Other Interesting Cases:

  • Leader Failures: The leader of each group is responsible for initiating group synchronization when topic metadata changes. A leader failure is detected by the coordinator through the expiration of its session timeout. The coordinator will respond by forcing all members to rejoin, which will allow a new leader to be elected.
  • Assignment Failure: As mentioned above, there are several ways that the synchronization/assignment phase can fail. Generally, they are handled by having group members rejoin the group. The most interesting case is when the leader encounters an unrecoverable error when it computes the group's assignment. This could happen, for example, if group members don't agree on the assignment strategy to use. In this case, the assignment failure is forwarded to the broker which can then propagate it to awaiting members.
  • Subscription Change: If a member changes its subscription, then it must force the group to be recreated by sending a JoinGroup request to the coordinator. This will cause the coordinator to reply to the other member's heartbeats with an error indicating that rejoin is needed, which will cause them to also send JoinGroup requests.
  • Topic Metadata Change: The leader is responsible for detecting topic metadata changes which affect the group's subscription. When it finds a change, it can immediately compute the new assignment and initiate a SyncGroup with the coordinator.

KafkaConsumer API

Although the protocol is slightly more complex for the KafkaConsumer implementation, most of the details are hidden from users. Below we show the basic assignment interface that would be exposed in KafkaConsumer. The partition assigner is generic to allow for custom metadata. For simple versions, the generic type would probably be Void.

Code Block
class ConsumerMetadata<T> {
  String consumerId;
  List<String> subscribedTopics;
  T metadata;
}
 
interface PartitionAssigner<T> extends Configurable {
 
  /**
   * Derive the metadata to be used for the local member by this assigner. This could 
   * come from configuration or it could be derived dynamically (e.g. for host information
   * such as the hostname or number of cpus).
   * @return The metadata
   */
  public T metadata();
  /**
   * Assign partitions for this consumer.
   * @param consumerId The consumer id of this consumer
   * @param partitionsPerTopic The count of partitions for each subscribed topic
   * @param consumers Metadata for consumers in the current generation
   */
  Map<String, List<TopicPartition>> assign(String consumerId,
                                           Map<String, Integer> partitionsPerTopic, 
                                           List<ConsumerMetadata<T>> consumers);
}

TODO:

To support client-side assignment, we'd have to make the following changes:

  1. Migrate existing assignment strategies from the broker to the client.
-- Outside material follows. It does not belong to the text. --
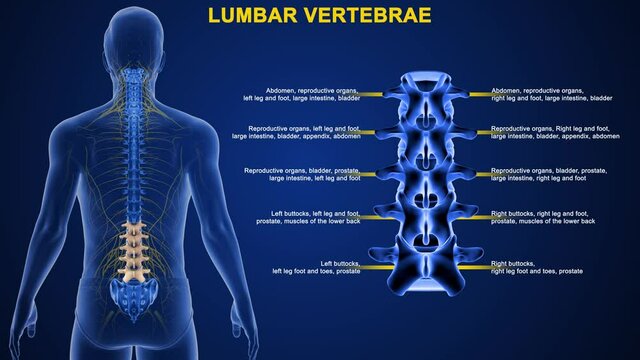 The lumbar spine contains 5 vertebrae, labeled L1 to L5, which progressively increase in size going down the lower back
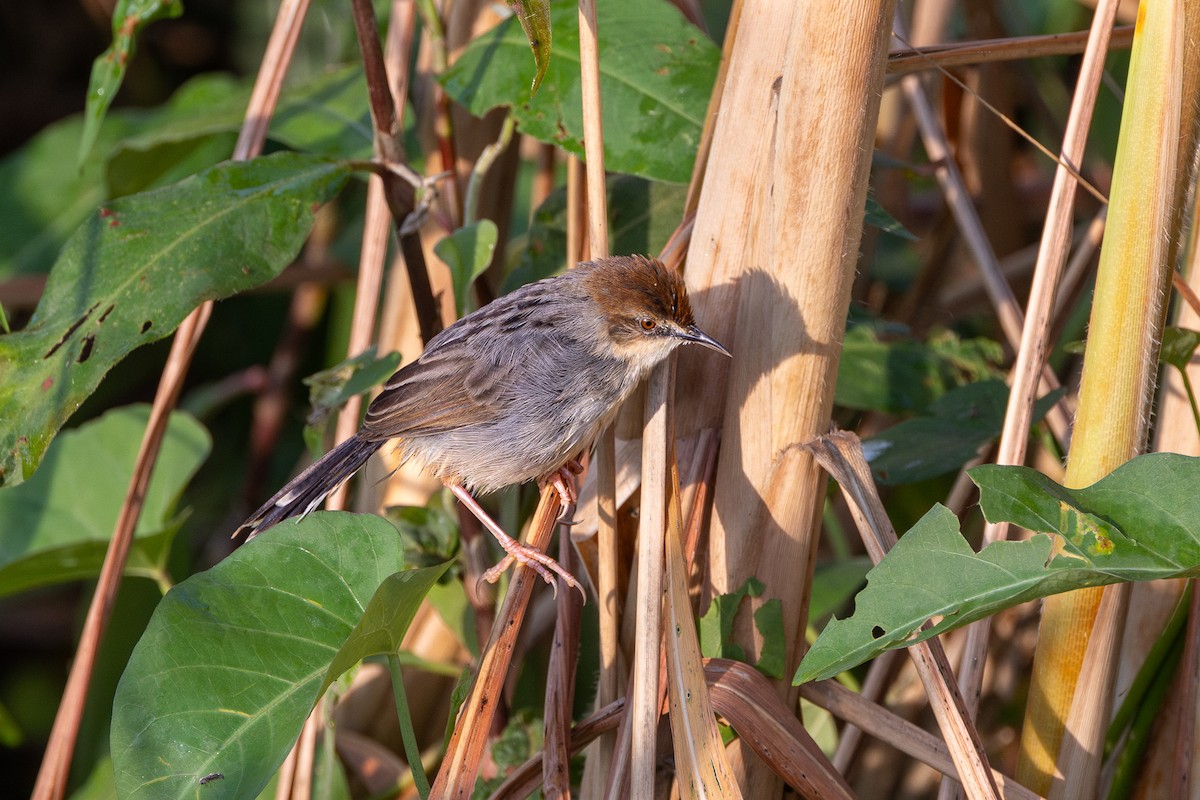 Carruthers's Cisticola - ML647688240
Since the assignment interface is nearly the same, this should be straightforward.
  2. Modify client/server for the new join group protocol. Since we're not really changing the protocol (just the information that is passed through it), this should also be straightforward.
  3. Remove offset validation from the consumer coordinator. Just a couple lines to remove for this.
  4. Add support for assignment versioning (if we decide we need it). Depending on what we do, may or may not be trivial.